## Problem
Please write out exactly the lines from the opening of the listing through the line that holds "Fresh French home", including both, and nothing else; no pictures.

## The data
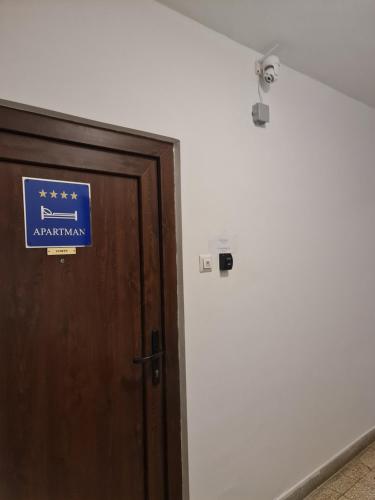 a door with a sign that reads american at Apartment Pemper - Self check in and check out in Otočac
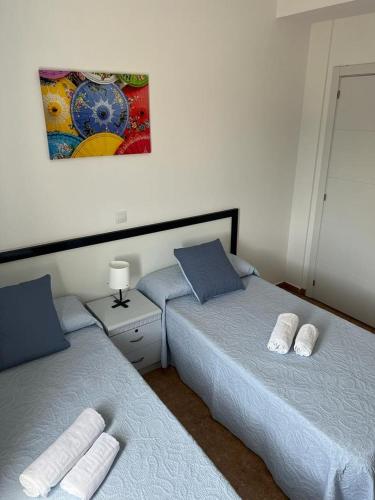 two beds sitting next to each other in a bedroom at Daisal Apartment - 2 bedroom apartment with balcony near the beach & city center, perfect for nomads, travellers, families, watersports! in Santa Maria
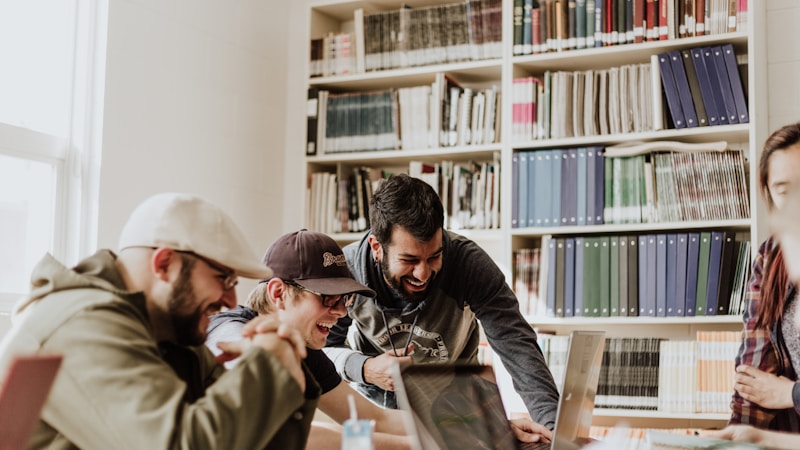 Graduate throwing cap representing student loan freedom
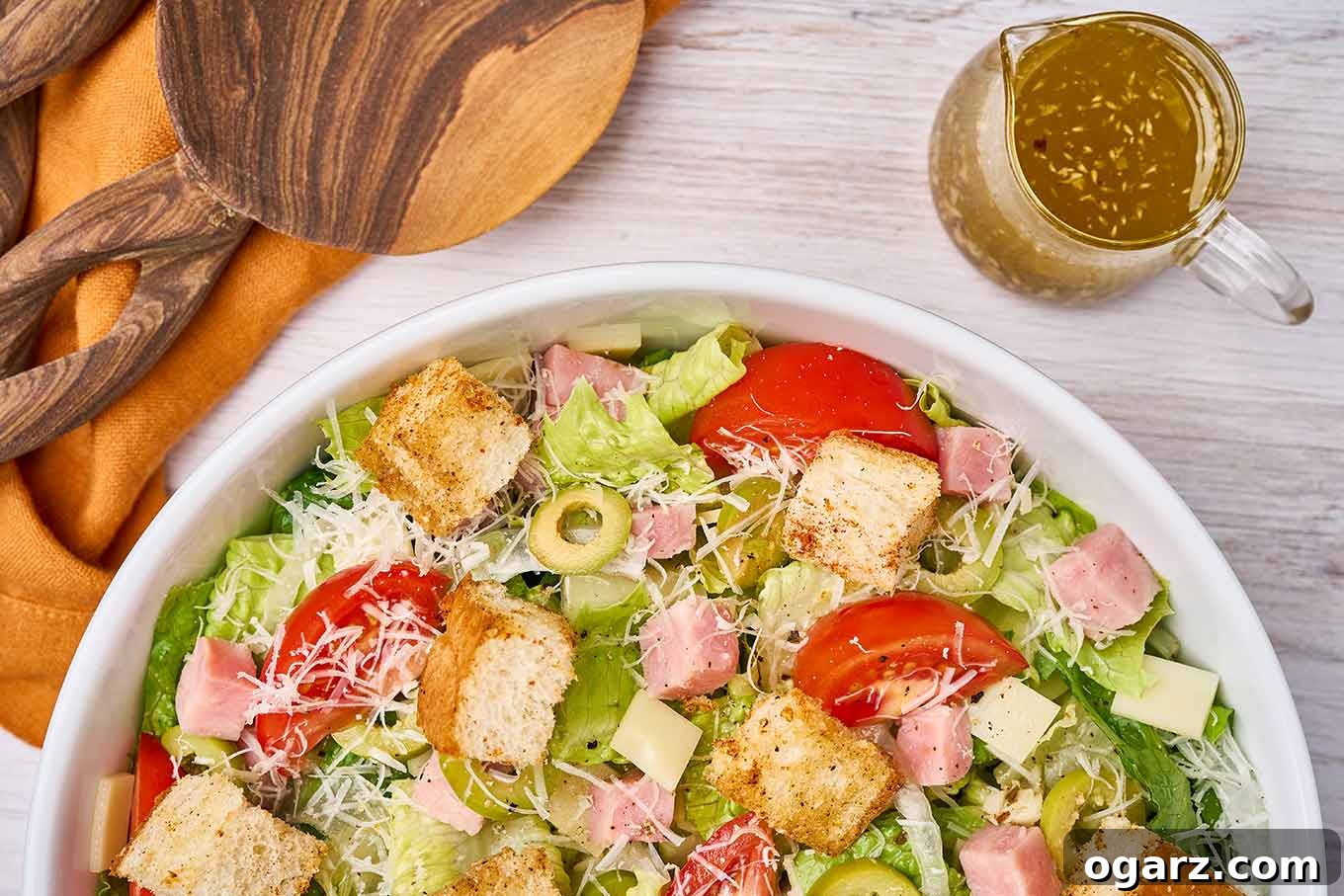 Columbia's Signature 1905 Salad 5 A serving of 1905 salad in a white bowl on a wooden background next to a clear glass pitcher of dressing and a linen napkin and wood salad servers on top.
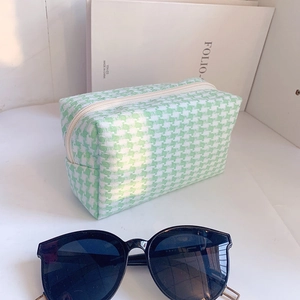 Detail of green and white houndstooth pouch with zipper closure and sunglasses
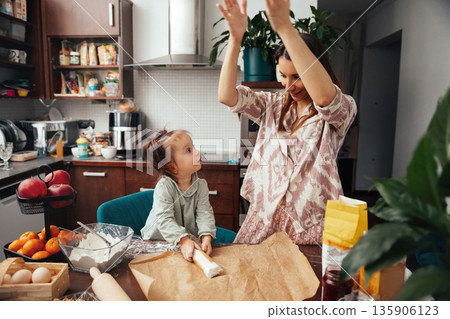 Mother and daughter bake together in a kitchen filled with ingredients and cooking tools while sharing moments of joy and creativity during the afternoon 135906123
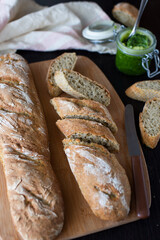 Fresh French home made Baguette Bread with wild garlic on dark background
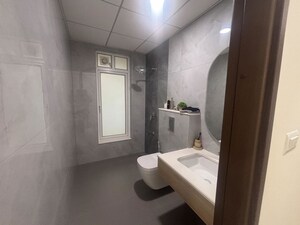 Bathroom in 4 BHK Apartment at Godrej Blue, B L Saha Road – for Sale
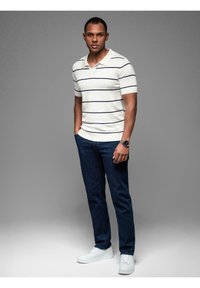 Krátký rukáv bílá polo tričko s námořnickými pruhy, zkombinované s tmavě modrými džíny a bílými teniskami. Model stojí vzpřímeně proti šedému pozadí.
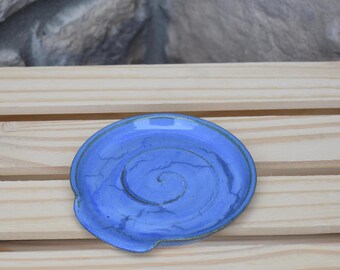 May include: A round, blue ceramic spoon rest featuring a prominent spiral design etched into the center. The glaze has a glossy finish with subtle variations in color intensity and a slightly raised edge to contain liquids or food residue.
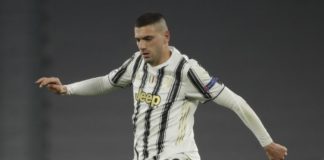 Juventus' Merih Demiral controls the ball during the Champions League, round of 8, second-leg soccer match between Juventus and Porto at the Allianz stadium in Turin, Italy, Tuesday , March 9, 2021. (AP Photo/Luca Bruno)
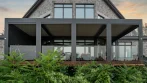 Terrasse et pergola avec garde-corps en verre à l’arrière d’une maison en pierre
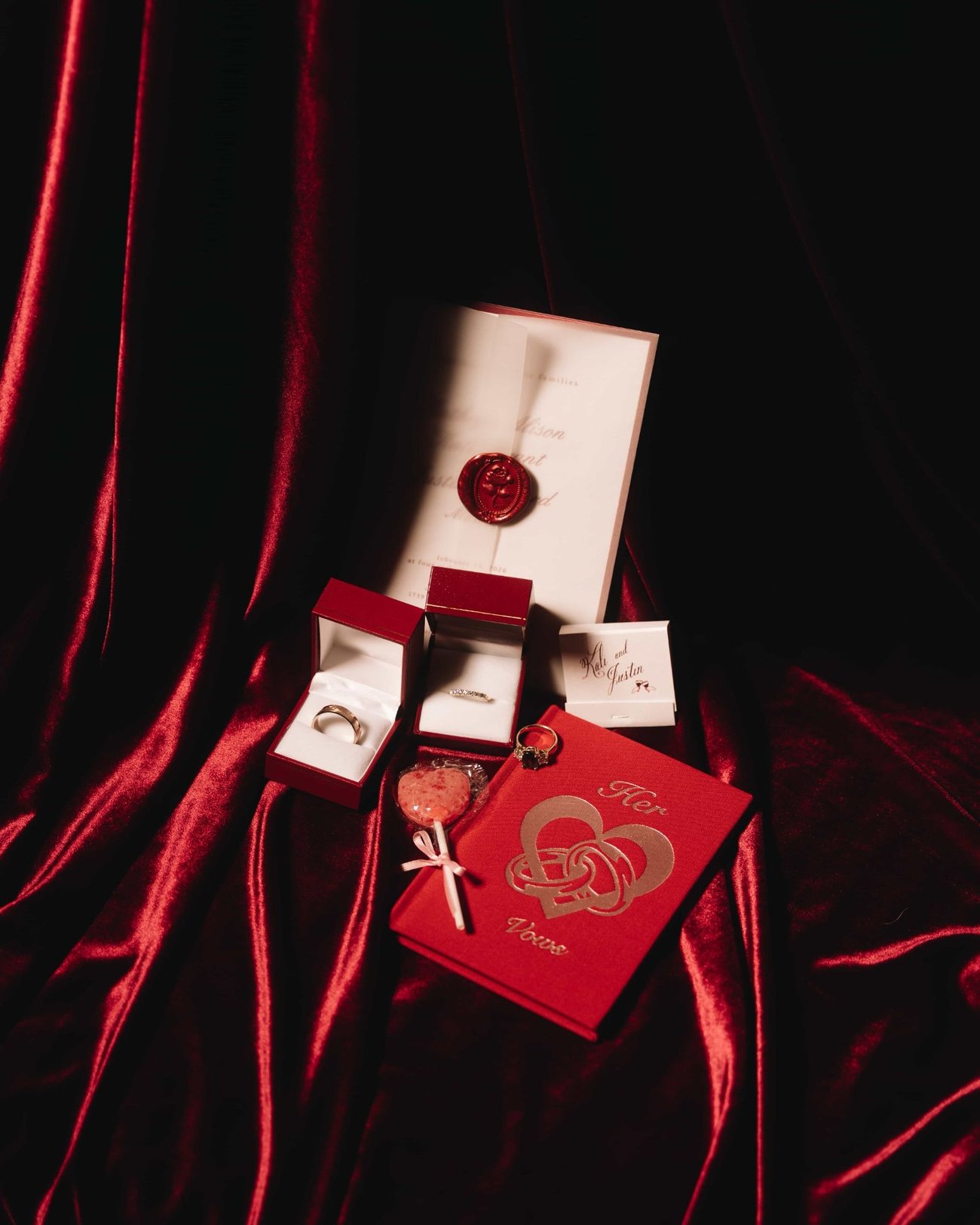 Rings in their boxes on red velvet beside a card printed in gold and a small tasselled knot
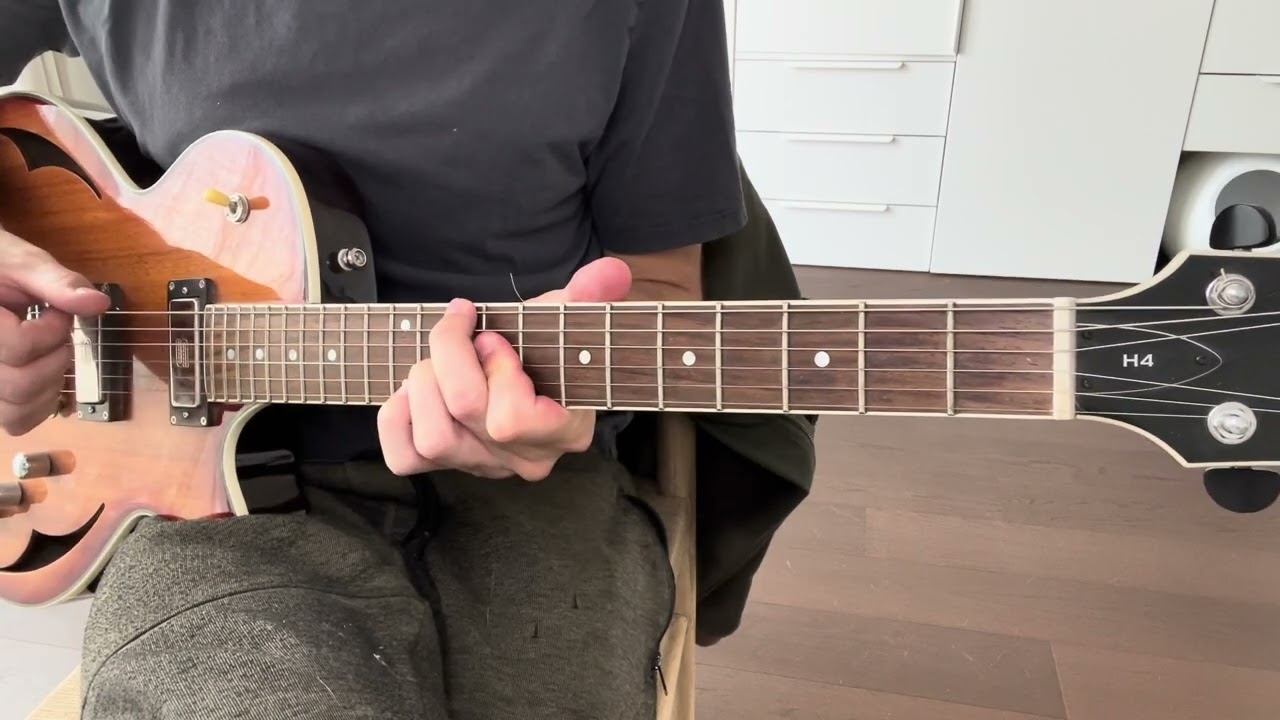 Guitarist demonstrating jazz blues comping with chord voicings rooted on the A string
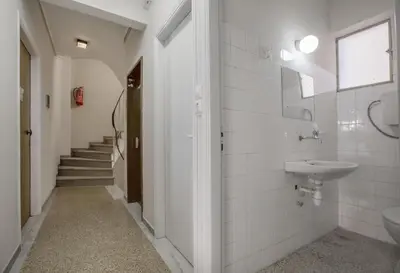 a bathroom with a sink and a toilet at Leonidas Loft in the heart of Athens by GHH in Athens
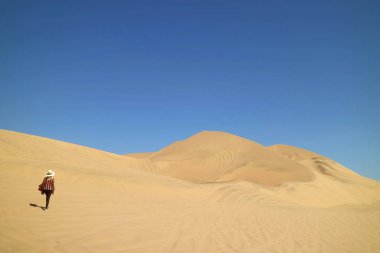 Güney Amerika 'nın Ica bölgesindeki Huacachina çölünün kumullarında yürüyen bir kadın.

## Output of the exercise
 a door with a sign that reads american at Apartment Pemper - Self check in and check out in Otočac
 two beds sitting next to each other in a bedroom at Daisal Apartment - 2 bedroom apartment with balcony near the beach & city center, perfect for nomads, travellers, families, watersports! in Santa Maria
 Graduate throwing cap representing student loan freedom
 Columbia's Signature 1905 Salad 5 A serving of 1905 salad in a white bowl on a wooden background next to a clear glass pitcher of dressing and a linen napkin and wood salad servers on top.
 Detail of green and white houndstooth pouch with zipper closure and sunglasses
 Mother and daughter bake together in a kitchen filled with ingredients and cooking tools while sharing moments of joy and creativity during the afternoon 135906123
 Fresh French home made Baguette Bread with wild garlic on dark background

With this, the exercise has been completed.